Imagine coming home shaken up by the war and seeking psychiatric help and having this guy call you a war criminal?
Imagine later hearing that this same sick shrink was allowed just to spout lines from the Quran in place of the formal oral presentation required of all new doctors.
And that Hasan’s communications with al Qaeda leader Anwar al-Awlaki were initially excused as research into radical Islam.
And that Hasan spoke of being “happy” when a fellow jihadist shot an American soldier to death outside an Arkansas recruiting station in June of 2009—a soldier who would also be denied a Purple Heart.
And that five months later Hasan allegedly went with a gun into an area where soldiers were either returning from a deployment or preparing to deploy.
Among those who were shot was Lt. Col. Juanita Warman, a physician who specialized in treating PTSD. She died while using her body to shield a fellow soldier, an act that should have earned her a medal for valor as well as a Purple Heart.
Also shot was Pvt. Francheska Velez, just back from Iraq, completing paperwork for education benefits and pregnant with her first child.
“She lived for a short time in terrible pain and agony, knowing that she and her child were dying,” the lawsuit says.
The suit also says that just before the gunfire, Hasan was heard to shout, “Allah akbar!” as Awlaki had reportedly advised.
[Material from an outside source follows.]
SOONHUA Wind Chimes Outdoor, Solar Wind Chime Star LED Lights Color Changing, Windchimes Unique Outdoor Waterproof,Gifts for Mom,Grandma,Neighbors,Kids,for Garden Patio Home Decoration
In 2011, Awlaki was killed by a drone strike in Yemen. The government said the killing was justified even though he was an American citizen because he was also an enemy combatant in a foreign land. He had, in the words of Attorney General Holder, “repeatedly made clear his intent to attack U.S. persons and his hope that these attacks would take American lives.”
Yet the attack that Hasan allegedly carried out after being inspired and guided by Awlaki remains ”workplace violence.”
In an added twist, Hasan will be representing himself at the trial. That means Munley and perhaps even Todd may have to endure being cross-examined by him.
As a consolation, the cops might consider that the trial is going ahead only because the judge nixed Hasan’s effort to avoid the death penalty by pleading guilty. He has apparently lost some of his fervor for martyrdom even though he has said in the past that martyrs are rewarded in paradise with 72 virgins.
Let us hope that whenever he departs this realm, if he meets anybody, Hasan is instead greeted by 13 soldiers with some serious anger to vent.